What this task involves: Starting with the line that contains "Перчатки и рукавицы на меху" and stopping after the line that contains "Saints-Bills Keon Coleman", copy the entries below exactly. Include nothing else.

Supplied data:
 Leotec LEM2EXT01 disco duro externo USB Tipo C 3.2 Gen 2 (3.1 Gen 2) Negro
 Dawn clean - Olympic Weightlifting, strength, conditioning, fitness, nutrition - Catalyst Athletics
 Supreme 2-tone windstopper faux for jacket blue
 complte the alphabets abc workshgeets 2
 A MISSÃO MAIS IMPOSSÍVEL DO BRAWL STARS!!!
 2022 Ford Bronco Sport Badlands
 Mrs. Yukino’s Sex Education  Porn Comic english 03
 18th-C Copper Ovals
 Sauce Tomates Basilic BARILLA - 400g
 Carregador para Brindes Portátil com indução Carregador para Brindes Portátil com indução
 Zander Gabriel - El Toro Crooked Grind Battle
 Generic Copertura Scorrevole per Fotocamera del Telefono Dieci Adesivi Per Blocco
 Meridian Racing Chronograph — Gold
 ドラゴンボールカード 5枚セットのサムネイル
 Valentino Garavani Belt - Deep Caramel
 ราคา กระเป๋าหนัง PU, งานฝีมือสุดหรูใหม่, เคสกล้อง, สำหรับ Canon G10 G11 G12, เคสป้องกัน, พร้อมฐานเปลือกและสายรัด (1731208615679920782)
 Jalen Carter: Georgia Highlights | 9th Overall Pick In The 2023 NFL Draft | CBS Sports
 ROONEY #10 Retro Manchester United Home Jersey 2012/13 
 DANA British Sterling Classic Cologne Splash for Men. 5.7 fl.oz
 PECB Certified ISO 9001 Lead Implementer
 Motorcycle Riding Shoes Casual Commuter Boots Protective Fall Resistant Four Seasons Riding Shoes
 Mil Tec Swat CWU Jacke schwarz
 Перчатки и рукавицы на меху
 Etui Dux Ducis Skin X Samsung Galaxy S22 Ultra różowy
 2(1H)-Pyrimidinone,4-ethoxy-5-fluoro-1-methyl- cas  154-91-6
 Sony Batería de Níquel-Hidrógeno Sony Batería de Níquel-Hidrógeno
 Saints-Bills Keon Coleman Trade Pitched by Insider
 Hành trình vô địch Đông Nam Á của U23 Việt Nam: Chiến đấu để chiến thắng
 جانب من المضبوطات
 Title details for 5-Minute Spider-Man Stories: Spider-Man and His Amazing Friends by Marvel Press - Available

Written answer:
 Перчатки и рукавицы на меху
 Etui Dux Ducis Skin X Samsung Galaxy S22 Ultra różowy
 2(1H)-Pyrimidinone,4-ethoxy-5-fluoro-1-methyl- cas  154-91-6
 Sony Batería de Níquel-Hidrógeno Sony Batería de Níquel-Hidrógeno
 Saints-Bills Keon Coleman Trade Pitched by Insider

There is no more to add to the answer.